6. Il ressort des pièces du dossier que le 1er août 2016, M. C... a exposé à son supérieur hiérarchique sa théorie du complot dans le couloir de la préfecture. Ce dernier a déclaré l'avoir ouvertement réprimandé. M. C... a malgré tout prolongé cette discussion en lui adressant le jour même durant ses heures de service un courriel comportant un lien vers un site internet exposant cette théorie, accompagné de ses commentaires assez confus mais dont l'objet est de soutenir la thèse d'un crime d'Etat développée dans cet article. Le 3 août 2016, M. C... a également adressé à un de ses collègues de service, à partir de sa messagerie professionnelle, un courriel faisant à nouveau allusion à cette théorie dans lequel il soutient que, selon certains témoignages, l'attentat aurait été en réalité commis par deux terroristes. En exposant et en relayant cette théorie auprès de son chef de service et d'un de ses collègues par l'intermédiaire de sa messagerie professionnelle, dans un contexte de crise, M. C... a méconnu l'obligation de neutralité et de réserve qui lui incombe en sa qualité de fonctionnaire. En revanche, les pièces versées par le ministre de l'intérieur, en particulier le rapport disciplinaire rédigé par le chef de service de M. C... qui se base sur des suppositions, ne permettent pas d'établir que l'intéressé aurait exprimé ses opinions en dehors de son service.
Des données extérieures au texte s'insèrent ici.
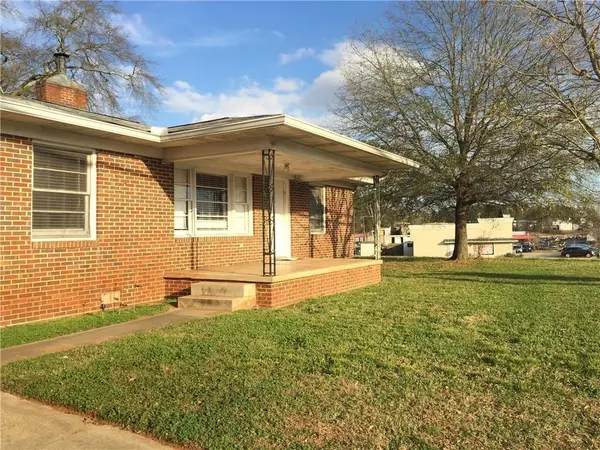 2475 Smith RD, Gainesville, GA 30504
Dans les circonstances de l'espèce, eu égard à la nature de l'emploi occupé par M. C... qui ne comporte aucune fonction d'encadrement et à l'absence de diffusion de ses propos en dehors de son service, le ministre de l'intérieur ne peut se prévaloir de ce que les faits reprochés à l'intéressé constitueraient un trouble objectif pour le fonctionnement des services y rendant impossible son maintien. Il ne saurait davantage faire valoir que ces faits ont été susceptibles de porter atteinte à l'image de l'administration auprès du public. Dès lors, la faute commise n'est pas suffisamment grave pour justifier la mise à la retraite d'office de M. C....
7. Il résulte de tout ce qui précède, que le ministre de l'intérieur n'est pas fondé à soutenir que c'est à tort que, par le jugement attaqué, le tribunal administratif de Nice a annulé l'arrêté du 17 novembre 2016 prononçant à l'encontre de M. C... la sanction de la mise à la retraite d'office.
Sur les frais liés au litige :
8. Il n'y a pas lieu, dans les circonstances de l'espèce, de faire application des dispositions de l'article L. 761-1 du code de justice administrative et de mettre à la charge de l'Etat la somme demandée par M. C... au titre des frais exposés par lui et non compris dans les dépens.
D É C I D E :
Article 1er : La requête du ministre de l'intérieur est rejetée.
Article 2 : Les conclusions présentées par M. C... sur le fondement de l'article L. 761-1 du code de justice administrative sont rejetées.
Article 3 : Le présent arrêt sera notifié au ministre de l'intérieur et à M. D... C....
Copie en sera adressée au préfet des Alpes-Maritimes.
Délibéré après l'audience du 12 avril 2019, où siégeaient :
- M. Guidal, président assesseur, président de la formation de jugement en application de l'article R. 222-26 du code de justice administrative,
- Mme E..., première conseillère,
- M. Coutier, premier conseiller.
Lu en audience publique, le 26 avril 2019.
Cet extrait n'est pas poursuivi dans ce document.